Having established that romance may address the interests of national identity, an analysis of E. Marlitt’s more overtly political novels augments the perspectives on this immensely popular writer. Simultaneously, a study of the “Kulturkampf,” as it is called within the German historical tradition, helps to situate her writings within the general European struggle between modernism and traditional forms of hegemony. Expanding the historical scope significantly advances the understanding of Marlitt’s endeavors to address issues facing her contemporary reading public. By cleverly situating her narratives within the domestic sphere, that is, within the realm deemed appropriate for women of the nineteenth century, the writer presents nuanced reflections of Wilhelminian legislative advances, and thus clear indications of an authorial response to the unification process of the German Empire after 1871. Unification introduces major shifts in the legal approach to social reality within marriage, divorce, and child education, the very foci of these novels.
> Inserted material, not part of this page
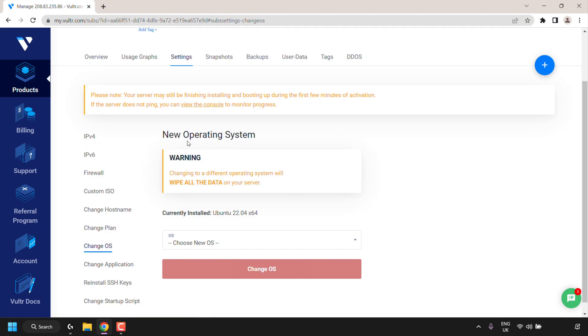In here you'll be greeted with this window which says new operating system. Changing to a different operating system will wipe all your data on your server. So similarly when you reinstalled your OS you also deleted all your data. When you're changing to a completely different type of OS you're also erasing all your data. So keep this in mind and if you're happy with this you can proceed.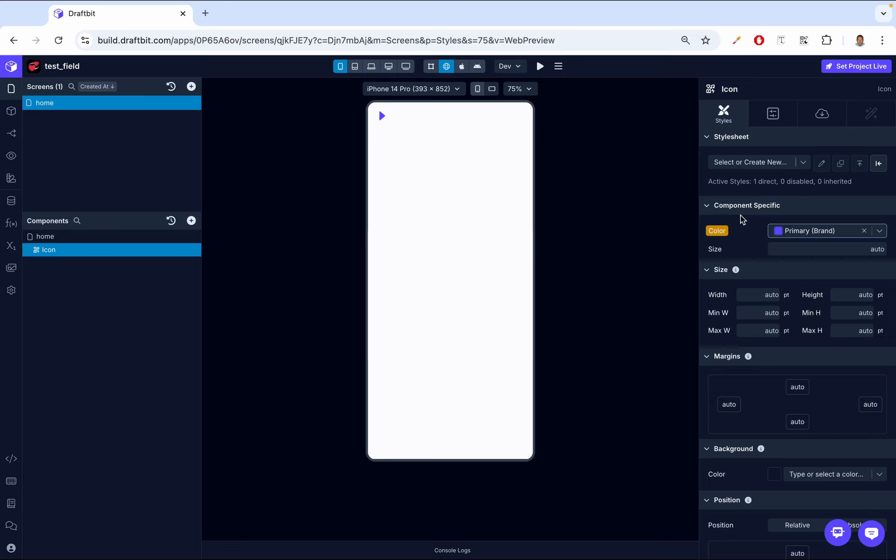By default, the size is set to 24 points. But you can adjust it to make the icon larger or smaller depending on where it's used inside your application. So you can just say 50, and then our icon is going to become much bigger.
A brief overview of the Kulturkampf and legislation concerning divorce illuminates unrecognized dimensions in her texts The Second Wife and In the Schillingscourt. In effect, these discoveries lend support to those critical voices arguing a realignment of E. Marlitt within realism as a productive and informative critical stance.1

Gottfried Keller, an esteemed writer of Marlitt’s era, praised not only the narrative flow and power of her representation [ein Fluß der Erzählung, … eine Gewalt in der Darstellung], but also...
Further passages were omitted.